And what became immediately clear from this experiment is that although the volumes feel very different from each other, that they do share some of the same language. Sometimes this makes sense: the most frequent word in both books (once stop words were subtracted from these charts) was “like.” That’s perhaps to be expected as poets are fond of drawing comparisons through rhetorical tools like simile. But there were some real surprises. Words like “hands,” “face,” “head,” and “eyes” show up in both volumes. Despite having read the two books carefully, this discovery took all of us by surprise. What’s at stake in the prevalence of the body in Duffy’s work? How might this be tied to her feminist project and how might it actually undermine it?
There were also important differences to note. It was easy to explain away the word “queen” as being central to the plots of poems within TWW. But why did night show up in both word clouds but not “light”? How could we read MT differently if we went back to look for light?
Another group of students tackled the poetry with Word Trends. This tool charts the frequency of words in a corpus, which is arbitrarily divided into sections. (In the graphs below, the corpus is both MT and TWW, in that order, with the corpus divided into 10 equal slices.
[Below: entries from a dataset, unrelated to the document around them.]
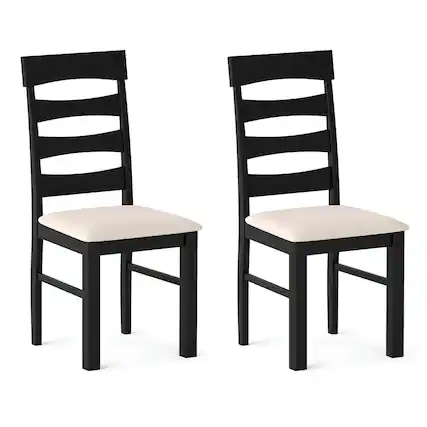 Front. Costway - Costway Dining Chairs Set of 2, High Back Dining Room Chairs with Padded Seat for Kitchen - Black,Beige.
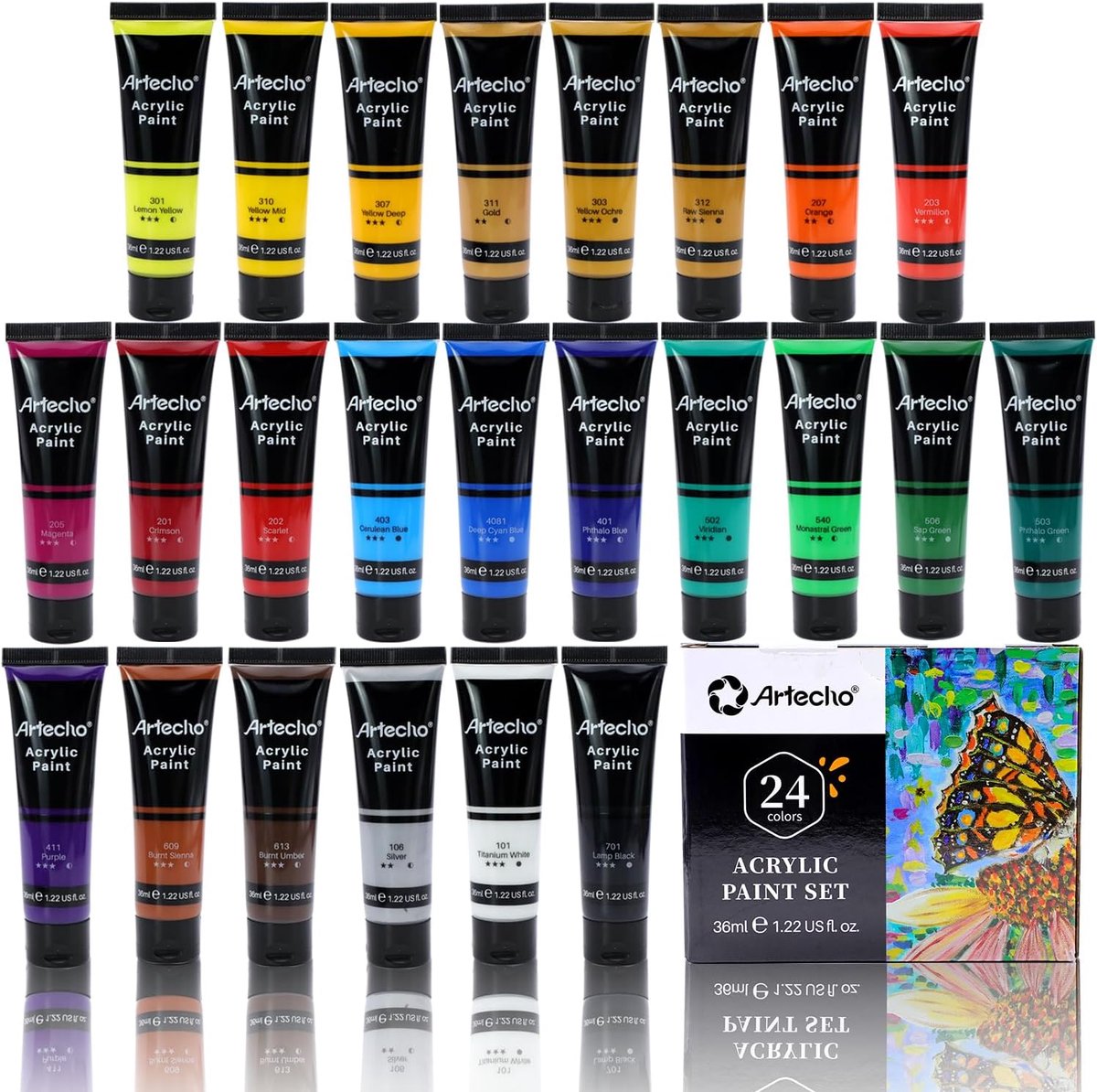 Thijox - Acrylverfset 24 Kleuren 36 ml - Professionele Kunstbenodigdheden voor Hout, Stof, Canvas, Leer en Steen - Waterbestendig en Dekking voor Crea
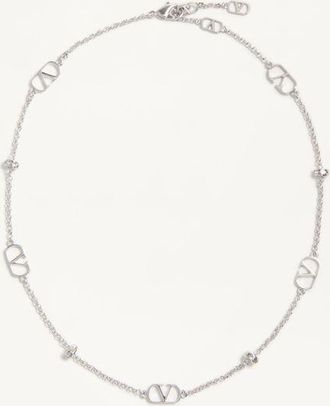 Valentino Garavani Collana VLogo Signature In Metallo E Cristalli Donna PALLADIO/CRYSTAL UNI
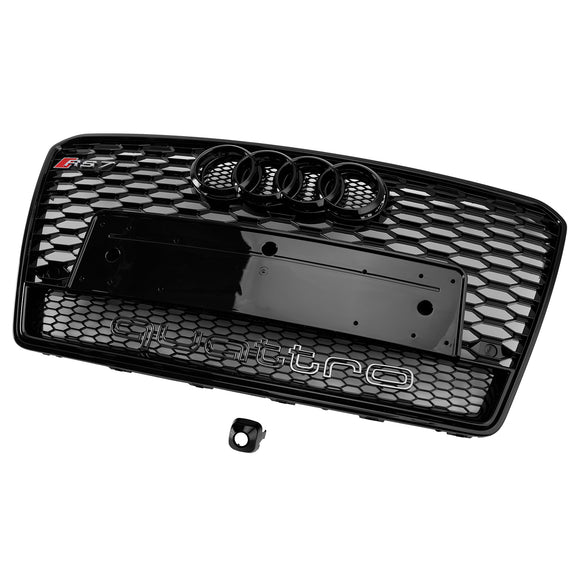 2010-2015 Audi A7/A7 Sline/S7 RS7 Style Grill pare-chocs avant maille nid d'abeille Sport calandre noire avec emblème d'anneau + Quattro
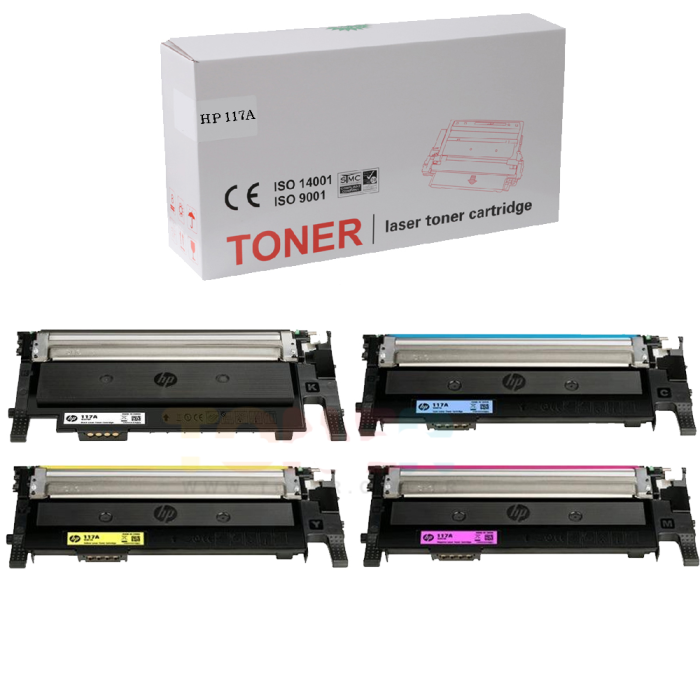 HP 150a Muadil Toner Seti Tüm Renkler 117A Chipsiz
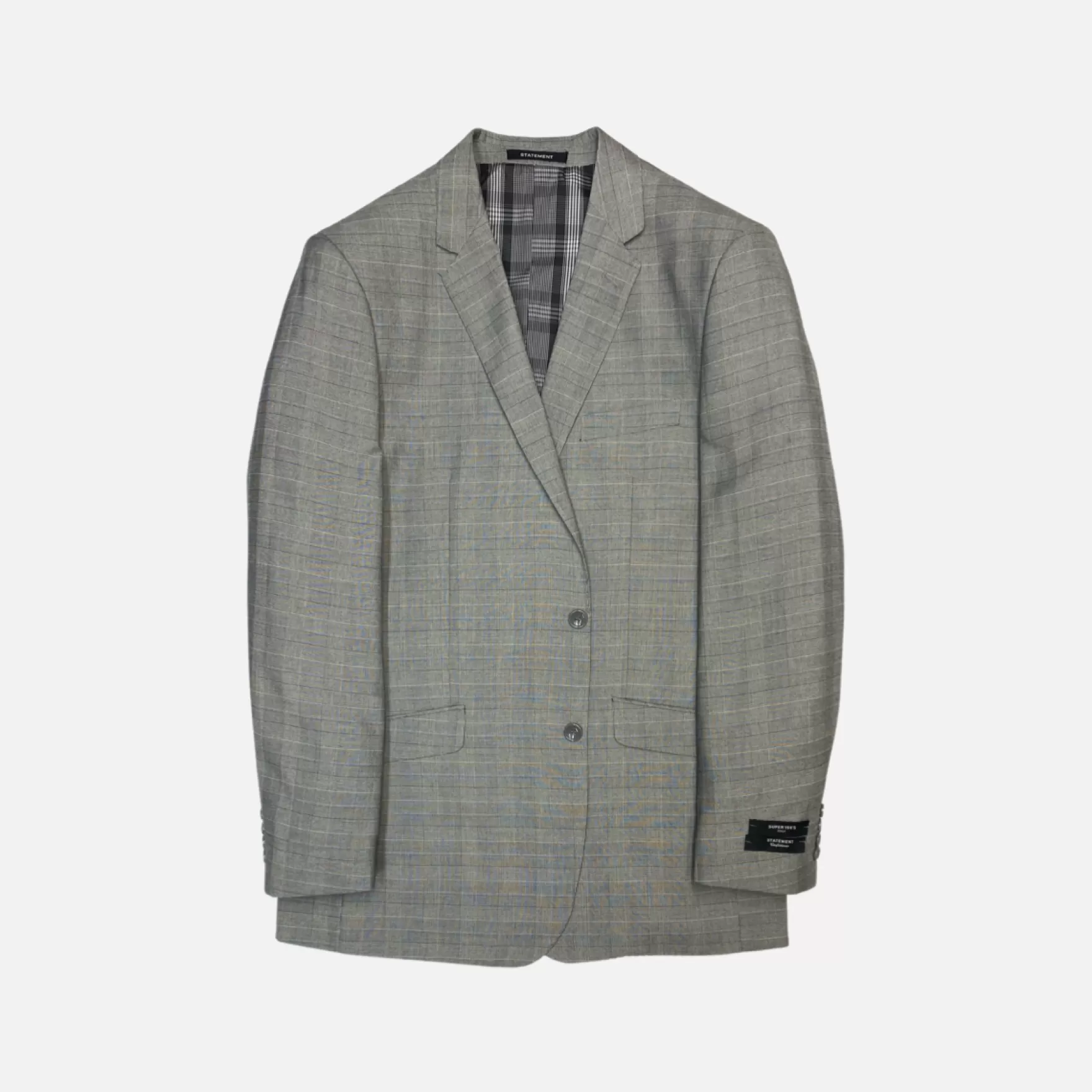 New Edition Fashion Suits-Saxton Plaid Suit Grey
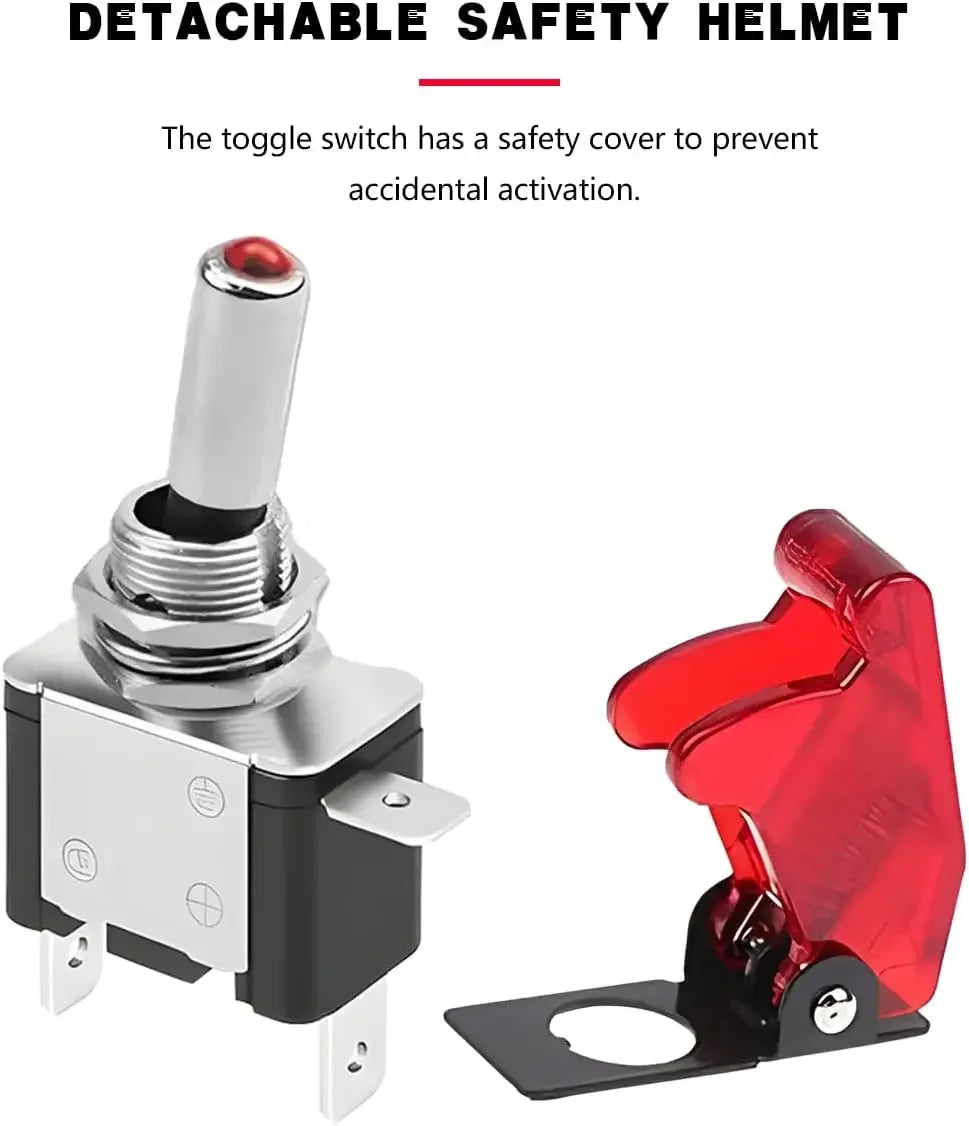 1PCS 12V 20A Toggle Switch LED Switch Car Auto Cover LED Light With Protective Cover SPST Toggle Rocker Switch Control On/Off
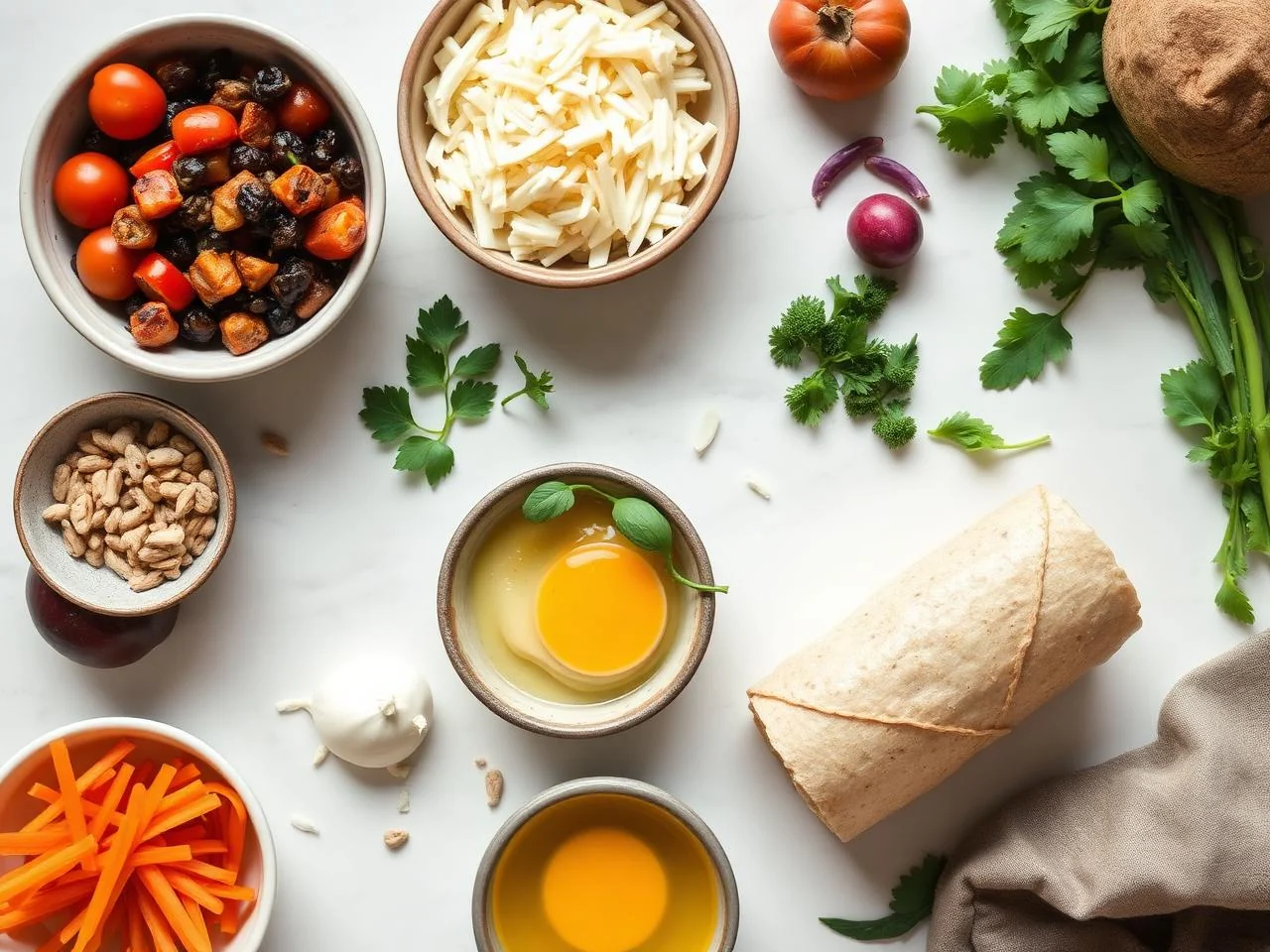 Ingredients for Breakfast Burrito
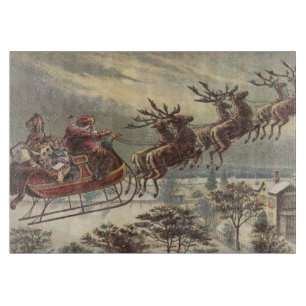 Planche À Découper Noël vintage, Père Noël victorien à Sleigh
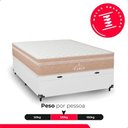 Ver imagem 7 de Cama Box Baú Viúva + Colchão Paris Molas Ensacadas Bege Couro Branco/bege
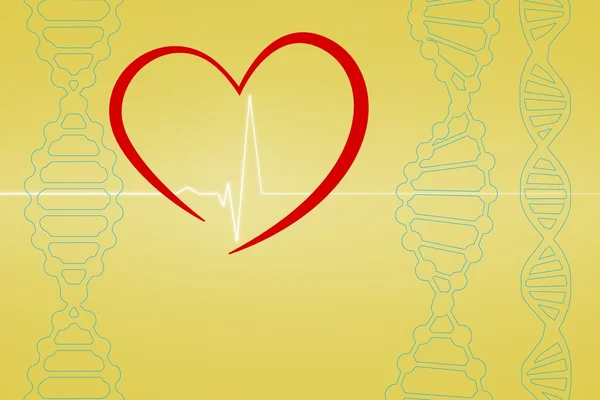 EKG çizgili kırmızı kalp — Stok fotoğraf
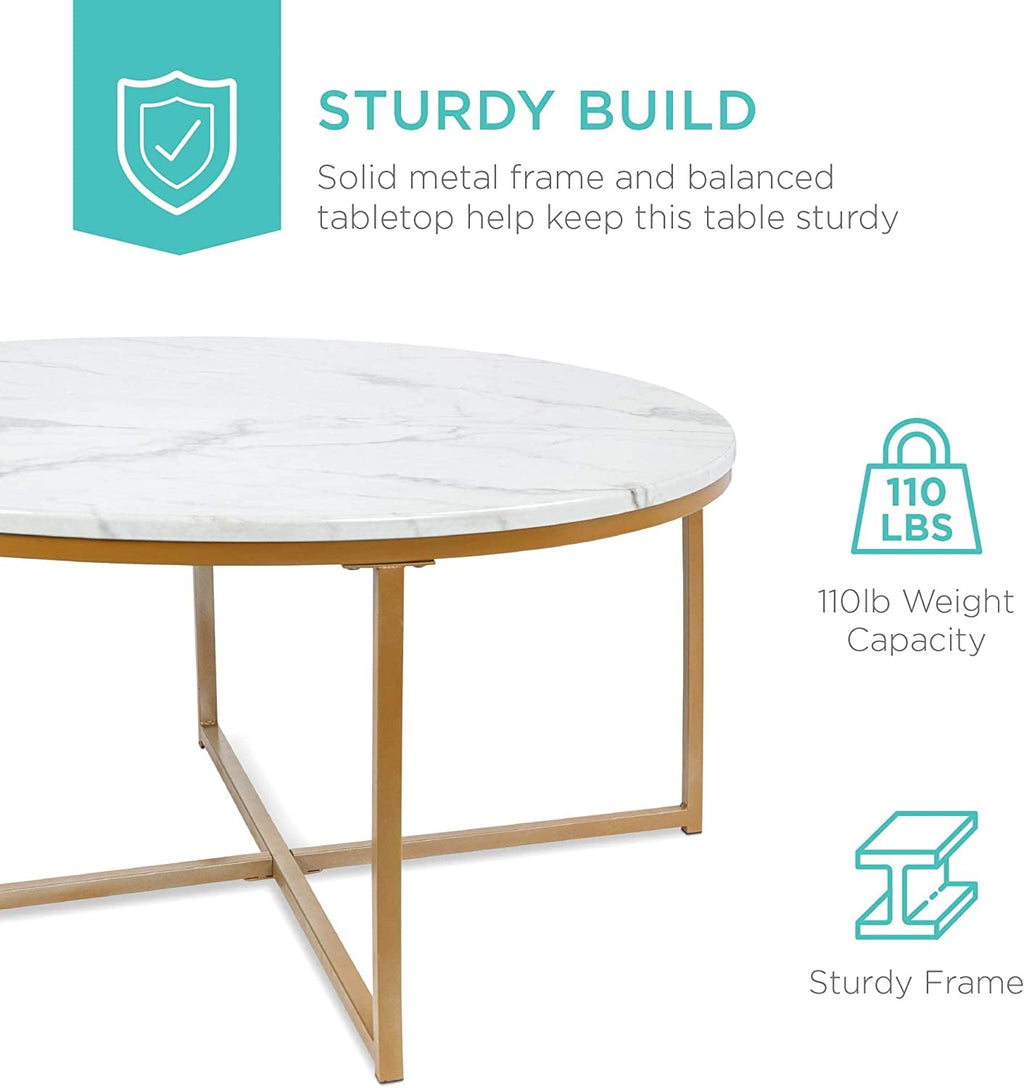 Round Coffee Table, Modern Boho Home Décor Peach Maple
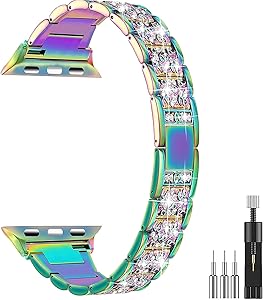 Mangoton Bling Bands Compatible for Apple Watch Band 42mm 44mm, Diamond Watch Strap for Series 6/5/4/3/2/1/SE, Rhinestone Stainless Steel Metal Wristband Strap iWatch Bands for Women (Colorful)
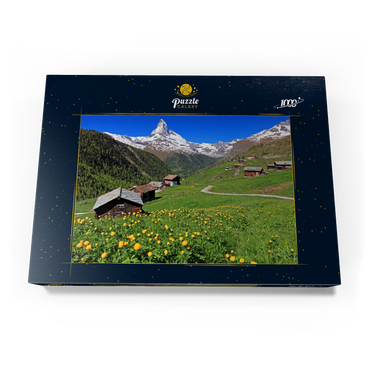 Frühlingswiese mit Trollblumen (Trollius europaeus) beim Weiler Findeln gegen Matterhorn (4478m), Zermatt 1000 Puzzle Schachtel Ansicht3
Given the length of the two works, that means MT ends approximately at the fourth division of the corpus.)
Using this approach students were able to discover that the “body” words observed by their peers weren’t evenly distributed across the volume. “Eyes” remained a constant subject for Duffy, while “hands” appeared in two particular clusters, one in MT and one in TWW.
More surprising was the relationship between “night” and “eyes.”
These two words move in tandem with each other throughout both volumes. And interestingly, once Duffy starts writing about “night” she thereafter starts writing about “eyes.” Given the ten slices of the corpus, it’s not worth assuming that “night” crops up in one poem, followed by “eyes” (where the subject of the poem is trying to see at night, for example). But is there a sort of internal logic to the ordering of Duffy’s poems? How is the subject of darkness related to vision? Are her characters constantly moving from a point of darkness to insight?
My favorite chart of all tracked “love” and “sex” throughout the books.
Here is very clear evidence that Duffy’s poetry sees “love” and “sex” incompatible with one another. When one rises, the other disappears. (It’s worth saying here that Word Trends does not lemmatize these words or work with concepts. It’s only “sex” and “love” that are being tracked, not “sexy” or “loving” or “embrace.”)
Another group used Excel to analyze Duffy’s poetry.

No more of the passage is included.